Listening & Reading skill:


Lead in:
- Ask questions around the topic.
- Show a video, pictures for students to discuss.
- Play a game (vocab …)
Pre-Listening/Reading:
- Setting the context: give an idea about who is speaking, where and why.
- Generating interest: show pictures, pair work discussion about the topic
- Activate current knowledge: what do they know about the topic? Where are
they? What are they? What problems do they face? Why are they important?
What might people do? ….
- Acquiring knowledge: students may have limited general knowledge about a
topic. Providing knowledge input will build their confidence for dealing with a
listening. This could be done by giving a related text to read or, a little more
fun, a quiz.
- Activating vocabulary / language. Knowledge-based activities can serve this
purpose, but there are other things that can be done. They can brainstorm
language beforehand, and then perform the scene. By having the time to think
about the language needs of a situation, they will be excellently prepared to
cope with the listening.
- Predicting content
Once we know the context for something, we are able to predict possible
content. Try giving students a choice of things that they may or may not expect
to hear, and ask them to choose those they think will be mentioned.
- Pre-learning vocabulary
When we listen in our first language we can usually concentrate on the overall
meaning because we know the meaning of the vocabulary. For students, large
numbers of unknown words will often hinder listening, and certainly lower
confidence. Select some vocabulary for the students to study before listening,
perhaps matching words to definitions, followed by a simple practice activity
such as filling the gaps in sentences.
- Checking / understanding the listening tasks
By giving your students plenty of time to read and understand the main
listening comprehension tasks, you allow them to get some idea of the content
of the listening. They may even try to predict answers before listening.

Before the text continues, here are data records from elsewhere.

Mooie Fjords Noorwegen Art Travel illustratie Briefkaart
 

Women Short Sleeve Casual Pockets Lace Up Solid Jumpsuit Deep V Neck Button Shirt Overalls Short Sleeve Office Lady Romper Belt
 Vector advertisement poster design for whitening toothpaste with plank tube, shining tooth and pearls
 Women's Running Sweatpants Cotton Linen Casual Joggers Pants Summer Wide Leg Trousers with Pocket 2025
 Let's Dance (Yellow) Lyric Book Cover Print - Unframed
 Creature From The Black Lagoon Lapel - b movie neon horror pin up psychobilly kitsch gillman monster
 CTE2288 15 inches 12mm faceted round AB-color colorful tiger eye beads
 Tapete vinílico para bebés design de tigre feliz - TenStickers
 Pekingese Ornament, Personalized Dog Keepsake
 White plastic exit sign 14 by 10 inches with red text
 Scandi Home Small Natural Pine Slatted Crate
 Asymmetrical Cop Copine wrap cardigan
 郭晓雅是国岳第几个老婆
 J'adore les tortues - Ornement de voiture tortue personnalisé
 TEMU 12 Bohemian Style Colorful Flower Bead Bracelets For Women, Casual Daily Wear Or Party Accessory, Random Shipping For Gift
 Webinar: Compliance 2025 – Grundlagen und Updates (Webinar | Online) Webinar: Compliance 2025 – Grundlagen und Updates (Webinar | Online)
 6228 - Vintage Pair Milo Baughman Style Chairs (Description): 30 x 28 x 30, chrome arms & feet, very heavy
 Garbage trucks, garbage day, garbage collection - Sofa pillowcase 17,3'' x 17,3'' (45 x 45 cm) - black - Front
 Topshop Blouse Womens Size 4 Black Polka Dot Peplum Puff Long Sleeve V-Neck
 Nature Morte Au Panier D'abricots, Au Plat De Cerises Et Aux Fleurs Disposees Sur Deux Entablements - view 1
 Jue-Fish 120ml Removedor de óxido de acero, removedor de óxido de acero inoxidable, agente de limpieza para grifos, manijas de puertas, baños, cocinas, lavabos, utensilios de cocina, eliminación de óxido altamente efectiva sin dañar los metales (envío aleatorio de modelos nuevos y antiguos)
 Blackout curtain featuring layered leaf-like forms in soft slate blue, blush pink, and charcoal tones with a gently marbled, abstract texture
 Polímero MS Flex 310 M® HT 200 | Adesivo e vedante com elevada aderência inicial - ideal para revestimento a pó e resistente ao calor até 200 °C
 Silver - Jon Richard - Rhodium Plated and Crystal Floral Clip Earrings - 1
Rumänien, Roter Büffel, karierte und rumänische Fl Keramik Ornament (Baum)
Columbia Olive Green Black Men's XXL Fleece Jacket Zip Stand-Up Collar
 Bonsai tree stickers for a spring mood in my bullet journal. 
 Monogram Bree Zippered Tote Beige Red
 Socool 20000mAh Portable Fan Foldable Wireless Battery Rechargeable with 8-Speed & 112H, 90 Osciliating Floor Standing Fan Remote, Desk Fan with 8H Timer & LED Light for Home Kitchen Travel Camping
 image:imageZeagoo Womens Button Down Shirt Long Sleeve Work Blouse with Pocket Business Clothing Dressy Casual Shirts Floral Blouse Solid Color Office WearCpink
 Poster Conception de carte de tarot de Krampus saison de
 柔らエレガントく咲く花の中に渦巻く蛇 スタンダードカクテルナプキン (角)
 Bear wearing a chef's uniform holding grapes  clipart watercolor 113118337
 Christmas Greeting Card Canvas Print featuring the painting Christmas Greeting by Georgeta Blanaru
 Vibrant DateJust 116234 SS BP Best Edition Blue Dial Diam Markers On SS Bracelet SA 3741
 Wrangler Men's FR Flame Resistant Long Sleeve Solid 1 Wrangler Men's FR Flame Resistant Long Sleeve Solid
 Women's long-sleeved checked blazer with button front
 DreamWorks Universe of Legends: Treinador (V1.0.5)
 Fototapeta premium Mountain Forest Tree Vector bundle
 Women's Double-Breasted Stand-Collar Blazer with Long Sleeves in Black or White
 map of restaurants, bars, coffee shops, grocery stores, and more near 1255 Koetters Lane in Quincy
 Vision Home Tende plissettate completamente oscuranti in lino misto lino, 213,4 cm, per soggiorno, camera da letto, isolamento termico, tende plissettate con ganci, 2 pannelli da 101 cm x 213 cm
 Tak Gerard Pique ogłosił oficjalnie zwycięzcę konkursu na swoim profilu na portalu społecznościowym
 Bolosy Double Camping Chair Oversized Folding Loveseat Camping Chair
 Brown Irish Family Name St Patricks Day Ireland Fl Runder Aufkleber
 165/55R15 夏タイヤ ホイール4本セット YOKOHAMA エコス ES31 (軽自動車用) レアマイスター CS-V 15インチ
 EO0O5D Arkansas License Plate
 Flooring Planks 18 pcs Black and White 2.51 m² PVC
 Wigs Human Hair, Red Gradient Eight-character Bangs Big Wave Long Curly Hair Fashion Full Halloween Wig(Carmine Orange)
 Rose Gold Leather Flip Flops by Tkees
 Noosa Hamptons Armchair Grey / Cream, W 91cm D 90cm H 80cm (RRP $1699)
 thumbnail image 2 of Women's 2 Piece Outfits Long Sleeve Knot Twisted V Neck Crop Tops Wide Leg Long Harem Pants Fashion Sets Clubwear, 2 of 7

While listening - Reading.


Global comprehension (understand the very general ideals or gist of the listening text)
- Allow students to listen to the text two or three times as a whole before going
to intensive listening.
- Encourage student to focus on global meaning first and don't pose questions
that ask them for details after the first listen.
- Encourage students to make assumptions after the first listen and verify them
after the second listen.
- Focus your questions and attention at this stage on the segments of the texts
that are accessible to the students in terms of vocabulary and structures. Always
remember that students don't need to "get" everything in the text.

Intensive listening:
- Getting more detailed understanding of some segments of the text
- Transcribing certain segments in the text
- Guessing the meaning of a word or phrase from context
- Looking at certain grammatical structures in the text to see how they can aid
comprehension, etc.
Post-listening/reading
- Reaction to the content of the text: discus what they’ve heard (do they agree or
disagree or even believe what they have heard?) or it could be some kind of reuse of
the information they have heard.
- Summarize information
- Analysis of language: focusing students on linguistic features of the text
(Take the form of an analysis of verb forms from a script of the listening text or
vocabulary or collocation work)

Vocabulary:
- Choose a vocabulary topic, tell students to write a list of words they associate
with this topic
- Pre-teach / revise structures for definitions e.g. It’s a thing which / that.... You
use it for... You find this in.... It’s an animal / object / place... It’s the opposite
of... etc.
- Tell students to look at their lists and give them time to think of how they can
define these words (3 -5 mins).
- Now students work in pairs (or groups of 3) to define their words. Their partner
must guess the word they are defining.
- A faster moving, fun alternative to this activity is a team game.
- Change the vocabulary to lists of famous people / books / films / objects.
- Each team writes a list for another team (students can also 3 or 4 words each on
strips of paper to draw out of a hat)
- Pre-teach / revise structures for definitions e.g. It’s a thing which / that.... You
use it for... It’s a film / book / object.... He/

Writing lessons
- Using a sample text is a good way to model output and language for a writing
task. I guess this is similar to a text based presentation really. Below is the
framework for a writing lesson that was suggested on my CELTA:
- Lead-in – generate interest, set topic
- Reading (optional) – provide a model of the text type
- Language preparation – vocabulary, expressions, etc. that are introduced
through the reading or by the teacher. These include specific features of the text
type (e.g. layout)
- Content preparation – students’ think of ideas via a mind map, notes, etc.
- Writing – the production stage
- Feedback to content
- Feedback to language – including error correction
- In practice my writing lessons almost always include providing a model. I often
use writing as a follow-up activity after reading/listening, but I’m normally
interested in the content rather than any language, and rarely provide specific
language input in that instance. This is the framework I’ve referred to the least
– I rarely teach lessons with a specific writing focus. Plus, when I do they seem
to follow this pattern quite naturally – they must have taught me well on the
course!
- Top tip – always feedback to content before feedback to language’. This is one
of the most useful tips. Students are often very keen to share what they’ve
written with others, especially if they’ve written something funny. Give them a
chance to discuss the content first to show what they’ve produced is actually
important/interesting, rather than just correcting their errors.

Speaking lessons
Warmer – lead in: to set the lesson context and engage the students in the activities.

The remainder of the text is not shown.